Introduction

Within the past month, two California courts[1] have entered orders trimming the scope—and power—of the attorney-client privilege. In the first case, the California Supreme Court held that legal billing statements were not categorically protected by the attorney-client privilege from disclosure through the California Public Records Act. In the second case, a federal magistrate judge in the Northern District of California found that a whistleblower, who had served as former general counsel for a life-sciences company, could use privileged information to support his claim that he was wrongfully retaliated in response to his whistleblowing activity. Together, these cases raise concerns that a weakened attorney-client privilege—a hallmark of American jurisprudence that encourages full and honest participation in the judicial process by clients and leads to better representation by counsel—may have far-reaching and unanticipated impacts on our legal system.

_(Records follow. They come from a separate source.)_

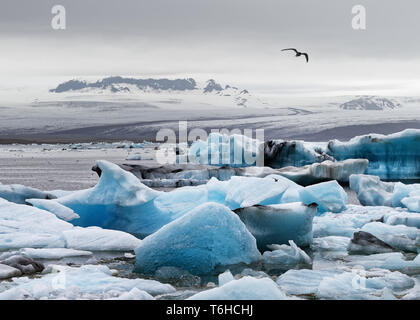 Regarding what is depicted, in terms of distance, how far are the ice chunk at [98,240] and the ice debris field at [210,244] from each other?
0.02 metres

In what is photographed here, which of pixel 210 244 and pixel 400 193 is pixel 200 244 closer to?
pixel 210 244

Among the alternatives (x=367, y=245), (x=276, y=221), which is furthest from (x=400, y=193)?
(x=276, y=221)

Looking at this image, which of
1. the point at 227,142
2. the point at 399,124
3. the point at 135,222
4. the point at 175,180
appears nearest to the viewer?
the point at 135,222

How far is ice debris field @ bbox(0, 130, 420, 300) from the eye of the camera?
5488mm

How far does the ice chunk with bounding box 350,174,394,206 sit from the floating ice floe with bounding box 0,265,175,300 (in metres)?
7.33

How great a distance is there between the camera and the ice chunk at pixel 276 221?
753 centimetres

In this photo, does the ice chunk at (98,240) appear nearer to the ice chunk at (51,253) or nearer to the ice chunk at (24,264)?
the ice chunk at (51,253)

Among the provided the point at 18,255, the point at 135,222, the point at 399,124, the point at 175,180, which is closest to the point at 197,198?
the point at 135,222

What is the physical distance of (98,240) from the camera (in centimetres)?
757

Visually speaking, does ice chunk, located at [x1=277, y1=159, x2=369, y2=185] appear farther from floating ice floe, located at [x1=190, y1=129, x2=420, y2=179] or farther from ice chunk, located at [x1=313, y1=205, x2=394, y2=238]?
ice chunk, located at [x1=313, y1=205, x2=394, y2=238]

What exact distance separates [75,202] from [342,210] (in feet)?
14.6

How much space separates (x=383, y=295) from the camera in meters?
5.24

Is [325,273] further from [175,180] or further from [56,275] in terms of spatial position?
[175,180] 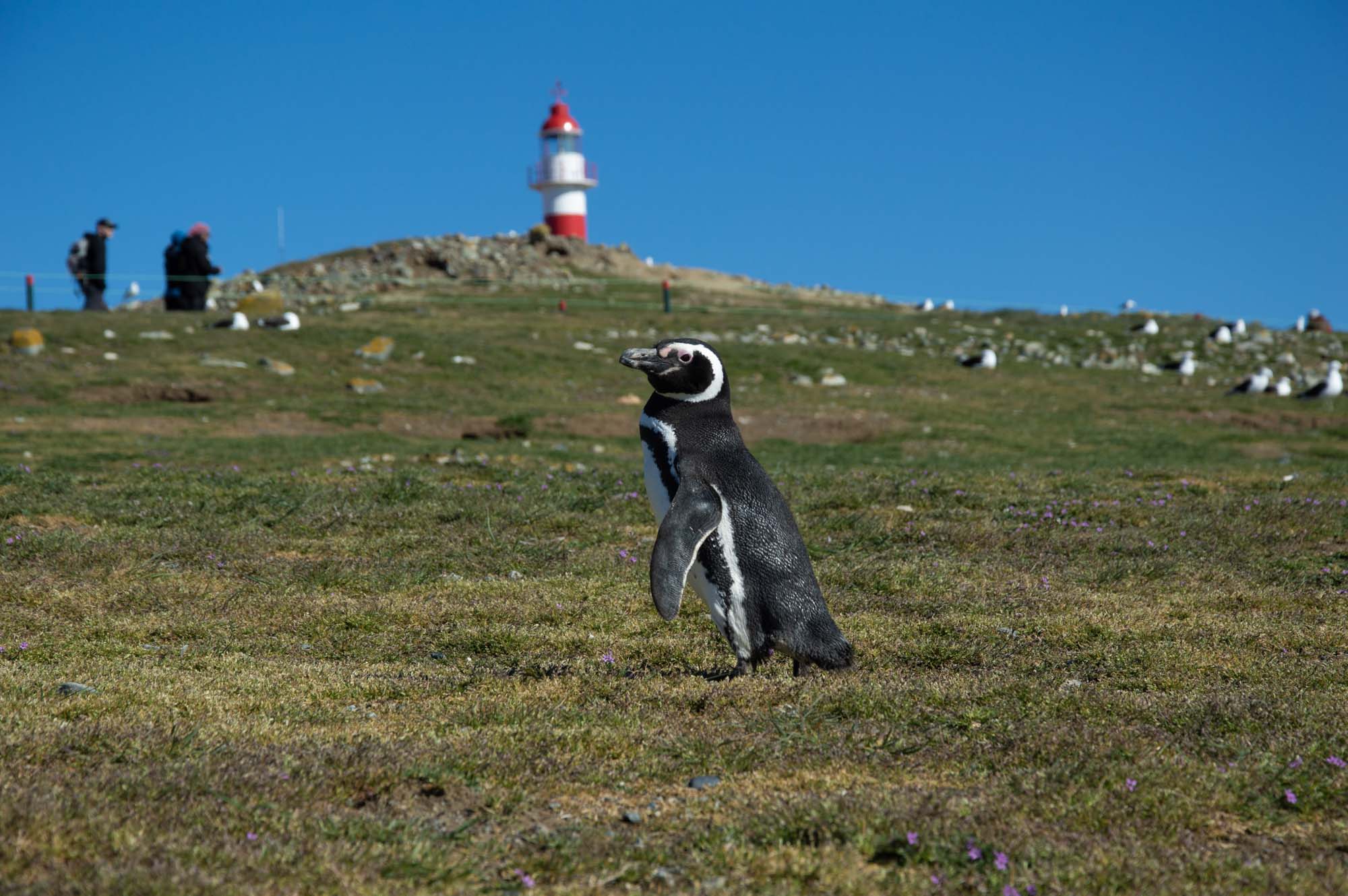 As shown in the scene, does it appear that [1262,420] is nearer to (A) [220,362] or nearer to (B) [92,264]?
(A) [220,362]

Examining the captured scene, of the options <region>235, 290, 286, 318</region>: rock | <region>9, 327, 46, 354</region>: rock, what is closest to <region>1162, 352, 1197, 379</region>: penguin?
<region>235, 290, 286, 318</region>: rock

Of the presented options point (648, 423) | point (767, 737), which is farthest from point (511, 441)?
point (767, 737)

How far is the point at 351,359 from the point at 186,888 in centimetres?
3198

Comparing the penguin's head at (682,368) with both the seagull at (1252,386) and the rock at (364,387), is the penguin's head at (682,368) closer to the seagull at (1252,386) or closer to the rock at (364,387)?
the rock at (364,387)

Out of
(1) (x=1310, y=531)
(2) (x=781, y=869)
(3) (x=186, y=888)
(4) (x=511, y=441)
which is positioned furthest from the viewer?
(4) (x=511, y=441)

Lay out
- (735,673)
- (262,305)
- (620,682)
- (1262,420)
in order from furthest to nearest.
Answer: (262,305) → (1262,420) → (735,673) → (620,682)

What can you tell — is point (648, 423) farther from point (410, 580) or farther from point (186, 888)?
point (186, 888)

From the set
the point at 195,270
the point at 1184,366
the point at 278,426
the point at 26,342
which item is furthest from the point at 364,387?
the point at 1184,366

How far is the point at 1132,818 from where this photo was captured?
5.75m

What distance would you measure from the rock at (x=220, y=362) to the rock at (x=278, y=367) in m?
0.48

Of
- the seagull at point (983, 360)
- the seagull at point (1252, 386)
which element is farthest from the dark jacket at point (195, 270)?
the seagull at point (1252, 386)

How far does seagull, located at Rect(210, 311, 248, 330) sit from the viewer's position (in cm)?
3947

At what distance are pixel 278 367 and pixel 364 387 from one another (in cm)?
293

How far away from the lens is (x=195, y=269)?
45.4 metres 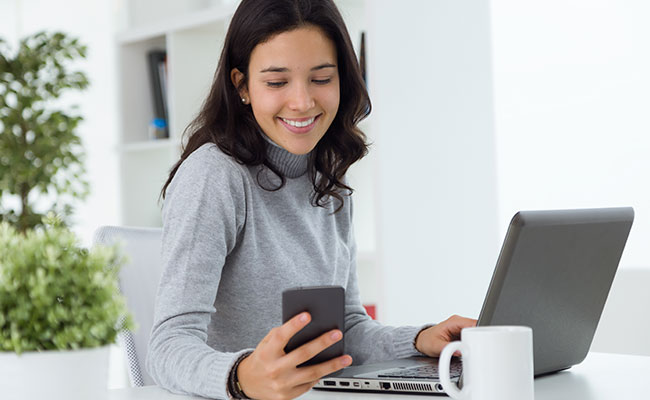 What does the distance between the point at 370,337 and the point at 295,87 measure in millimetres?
510

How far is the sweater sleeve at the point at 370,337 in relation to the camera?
1.60 meters

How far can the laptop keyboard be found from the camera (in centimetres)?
126

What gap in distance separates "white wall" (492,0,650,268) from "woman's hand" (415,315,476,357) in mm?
1108

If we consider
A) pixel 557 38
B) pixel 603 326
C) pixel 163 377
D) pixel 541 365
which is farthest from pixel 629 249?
pixel 163 377

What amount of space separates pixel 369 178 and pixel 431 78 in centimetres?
44

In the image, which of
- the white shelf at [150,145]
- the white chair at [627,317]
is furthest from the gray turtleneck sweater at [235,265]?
the white shelf at [150,145]

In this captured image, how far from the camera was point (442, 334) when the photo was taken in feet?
4.94

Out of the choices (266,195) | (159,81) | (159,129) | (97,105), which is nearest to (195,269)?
(266,195)

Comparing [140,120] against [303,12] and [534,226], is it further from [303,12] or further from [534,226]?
[534,226]

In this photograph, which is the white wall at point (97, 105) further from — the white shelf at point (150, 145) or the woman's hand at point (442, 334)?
the woman's hand at point (442, 334)

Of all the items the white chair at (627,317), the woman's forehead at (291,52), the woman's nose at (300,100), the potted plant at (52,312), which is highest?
the woman's forehead at (291,52)

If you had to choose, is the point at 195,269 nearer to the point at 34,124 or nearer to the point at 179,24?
the point at 179,24

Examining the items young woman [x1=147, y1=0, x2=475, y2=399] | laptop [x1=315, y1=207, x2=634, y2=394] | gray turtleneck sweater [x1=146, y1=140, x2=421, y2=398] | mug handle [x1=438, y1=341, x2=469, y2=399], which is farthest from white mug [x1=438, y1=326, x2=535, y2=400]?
young woman [x1=147, y1=0, x2=475, y2=399]

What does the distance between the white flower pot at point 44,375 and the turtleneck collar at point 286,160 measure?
2.93ft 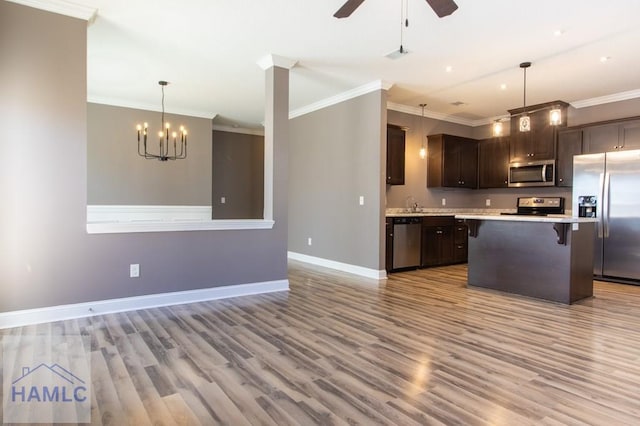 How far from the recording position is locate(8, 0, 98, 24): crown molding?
323 centimetres

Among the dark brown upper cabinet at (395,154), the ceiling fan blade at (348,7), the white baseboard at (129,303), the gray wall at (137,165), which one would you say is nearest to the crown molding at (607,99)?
the dark brown upper cabinet at (395,154)

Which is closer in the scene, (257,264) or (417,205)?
(257,264)

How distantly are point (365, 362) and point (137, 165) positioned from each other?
220 inches

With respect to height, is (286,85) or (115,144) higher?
(286,85)

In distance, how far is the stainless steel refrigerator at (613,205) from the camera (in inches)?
201

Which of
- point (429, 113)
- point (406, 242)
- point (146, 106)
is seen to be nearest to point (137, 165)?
point (146, 106)

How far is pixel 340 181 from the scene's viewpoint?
19.9 ft

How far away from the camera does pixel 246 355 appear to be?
2658mm

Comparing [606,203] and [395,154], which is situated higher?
[395,154]

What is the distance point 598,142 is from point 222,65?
18.2 feet

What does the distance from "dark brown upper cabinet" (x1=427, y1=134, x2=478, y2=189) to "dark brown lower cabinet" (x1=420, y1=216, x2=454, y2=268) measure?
80 centimetres

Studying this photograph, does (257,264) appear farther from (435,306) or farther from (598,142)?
(598,142)

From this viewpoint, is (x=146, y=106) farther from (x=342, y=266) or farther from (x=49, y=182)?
(x=342, y=266)

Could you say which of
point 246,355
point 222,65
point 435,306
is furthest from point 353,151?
point 246,355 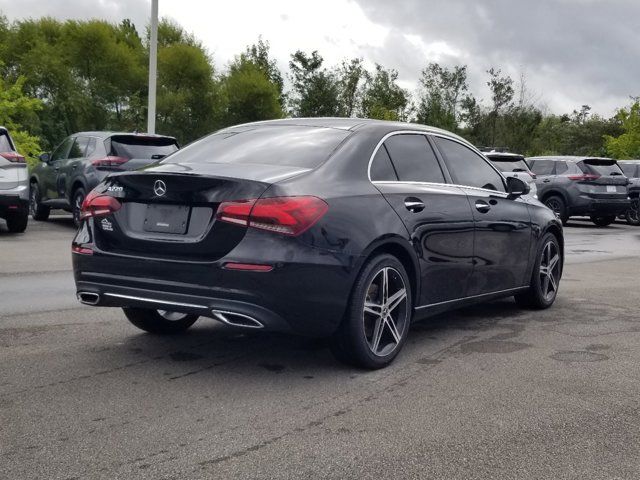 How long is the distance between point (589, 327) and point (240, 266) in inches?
139

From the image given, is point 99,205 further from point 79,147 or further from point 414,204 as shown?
point 79,147

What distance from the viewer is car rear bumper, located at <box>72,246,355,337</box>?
15.4ft

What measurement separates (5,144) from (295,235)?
10.0m

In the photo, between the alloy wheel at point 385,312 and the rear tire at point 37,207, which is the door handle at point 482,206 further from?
the rear tire at point 37,207

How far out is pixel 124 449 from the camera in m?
3.72

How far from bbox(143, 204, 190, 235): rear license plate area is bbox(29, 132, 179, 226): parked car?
9001 mm

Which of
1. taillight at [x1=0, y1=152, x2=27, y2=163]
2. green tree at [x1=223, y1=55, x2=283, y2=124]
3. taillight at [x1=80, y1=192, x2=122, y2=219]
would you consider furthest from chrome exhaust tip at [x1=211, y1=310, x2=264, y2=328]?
green tree at [x1=223, y1=55, x2=283, y2=124]

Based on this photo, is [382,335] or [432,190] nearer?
[382,335]

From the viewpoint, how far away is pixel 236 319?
4.73 m

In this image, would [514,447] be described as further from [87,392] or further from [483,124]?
[483,124]

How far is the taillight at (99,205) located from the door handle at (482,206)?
2.75m

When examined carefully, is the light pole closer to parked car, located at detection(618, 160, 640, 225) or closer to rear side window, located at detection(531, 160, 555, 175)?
rear side window, located at detection(531, 160, 555, 175)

California Supreme Court Rules Legal Invoices to Public Entities not Subject to “Categorical” Exemption from California Public Rights Act

L.A. Cnty. Bd. of Supervisors v. Superior Court concerns a dispute between the American Civil Liberties Union of Southern California (“ACLU”) and the County of Los Angeles (the “County”) over numerous law suits alleging excessive force used against inmates in the Los Angeles County jail system. In connection with these suits, the ACLU submitted a California Public Records Act (“PRA”) request for billing invoices received by the County from outside counsel.[2] Unable to reach an agreement on this issue, the ACLU filed a petition for writ of mandate with the superior court. Following rulings by the superior and appellate courts, and appeals from these decisions, the California Supreme court took the matter under review to answer the following question:

Whether invoices for legal services transmitted to a government agency by outside counsel are categorically protected by the attorney-client privilege and therefore exempt from disclosure under the PRA, and if not, whether any of the information sought by the ACLU is nonetheless covered by the privilege.[3]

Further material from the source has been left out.